仕事メールの書き方について本やWebで調べたし、応用もしている。
原則として、簡潔さを最優先としている。
例えば冒頭の定番「お世話になっております。」も、理由が無ければ省く。
結論や依頼事項を1.5行程度にまとめ、その後にずらずらっと情報を連ねる。できるだけ短めに。
最後に改めて、そのメールで伝えたいことを書いて、「以上よろしくお願いします」程度で締めくくる。
まあ、よくある「メールの書き方」と同じだ。
変換辞書に頼って難しい漢字を使うと阿呆に見えるので、できるだけ“ひらく”ことも心がけている。
最初は素っ気無さ過ぎているかと不安だったけれど、社外のアドバイザー的な人からも褒められたので、もう覚悟を決めてシンプル路線を貫いている。
しかし今日褒められた件は、その「簡素な仕事メール」ではなかった。
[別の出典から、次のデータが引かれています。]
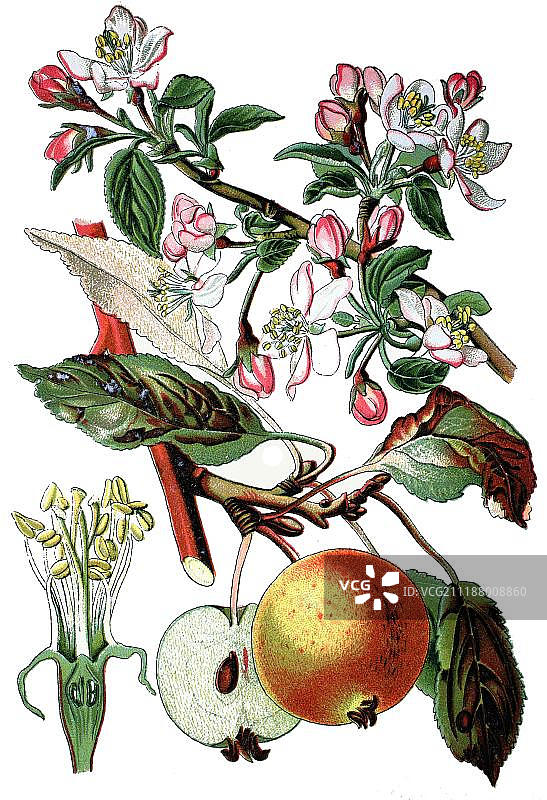 苹果树（海棠，苹果属），实用植物，1870年历史彩 lithograph图片素材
詳細を聞いてみると、週に何回か提出している「役員に宛てた苦情・要望・状況報告の長文メール」だった。
これはつまり、「極めて素行に問題がある、かつ役員の親族でもある同僚についての苦情・要望・状況報告」のメールだ。
こんなもの、自分でも書きたくはなかった。
基本の構成は上述の「簡素な仕事メール」を基としながら、分量はかなり多い。
それでも、感情的にならず、上司向けの表現を守り、提案や代案を交えて「ちょっとこいつはたまらんですよなんとかしてください」と訴え続けてきたのだ。
特定の役員に宛てたメールも多いが、関連する他社の人達も宛先やCCに加えることもある*2。それらが回覧され、どういうわけか高評価を得ているのだった。
しかしこれ、よくよく考えずとも恥ずかしい。
同僚の行状を(言葉を選びながら)述べているのだ。身内の恥だ。
「問題のある同僚」の素行は全社的に知れ渡っているとはいえ*3それに四苦八苦する姿(文章?)まで見られたくはない。
それに、自分としては、ただ感情を理屈の形に練り固めた冗長な文章にしか思えないのだ。大して推敲もしていない。僕だって役員に「MARIATHANKのケーキの良さは…」とか全力で伝えたいし、そのほうが筆が乗るだろう。
というわけで、書きたくもない文章を褒められてしまった。
複雑な気分だ。
普段の業務用「簡素を極めた仕事メール」を褒めてもらえたのならば、明日からはニコニコと今以上に素っ気ないメールを量産するのだが。
「どこかで文章の練習をしたのですか?」とも聞かれた。
まさか「はてなブログで!ほとんど毎日!」とは答えられない。この日記、会社の人達や仕事関係者には秘密なのです。